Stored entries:
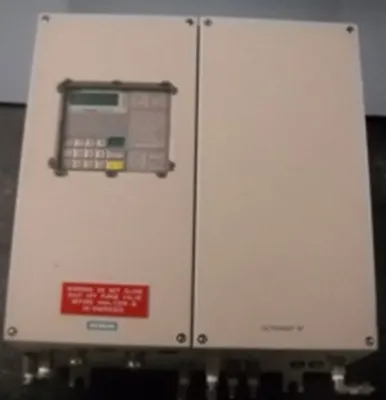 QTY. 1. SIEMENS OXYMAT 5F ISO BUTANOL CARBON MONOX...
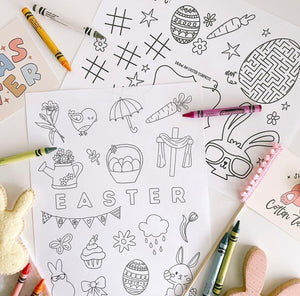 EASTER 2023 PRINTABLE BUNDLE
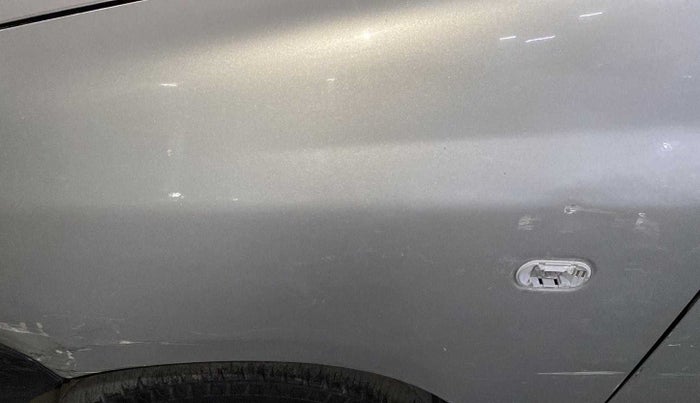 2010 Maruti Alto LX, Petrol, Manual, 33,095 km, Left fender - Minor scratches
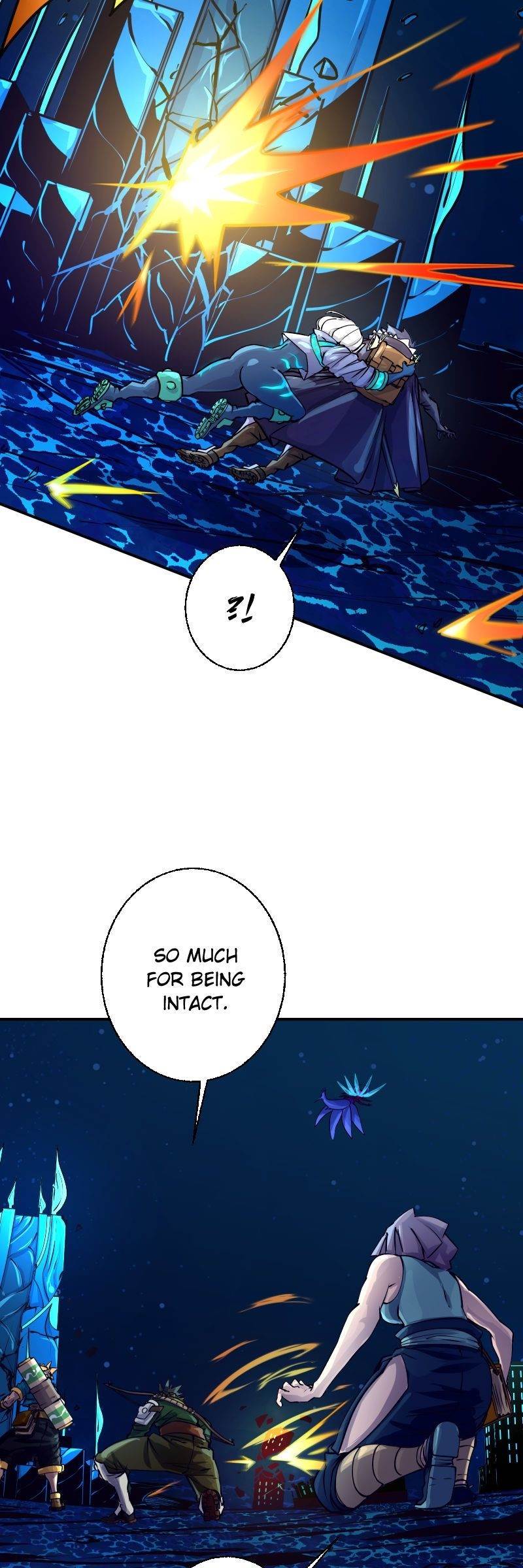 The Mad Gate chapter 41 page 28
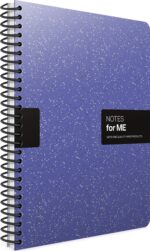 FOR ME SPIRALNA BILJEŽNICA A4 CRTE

#### What the task requires
Each line above should be written out again exactly, without any image.

#### Solution below
 QTY. 1. SIEMENS OXYMAT 5F ISO BUTANOL CARBON MONOX...
 EASTER 2023 PRINTABLE BUNDLE
 2010 Maruti Alto LX, Petrol, Manual, 33,095 km, Left fender - Minor scratches
 The Mad Gate chapter 41 page 28
 FOR ME SPIRALNA BILJEŽNICA A4 CRTE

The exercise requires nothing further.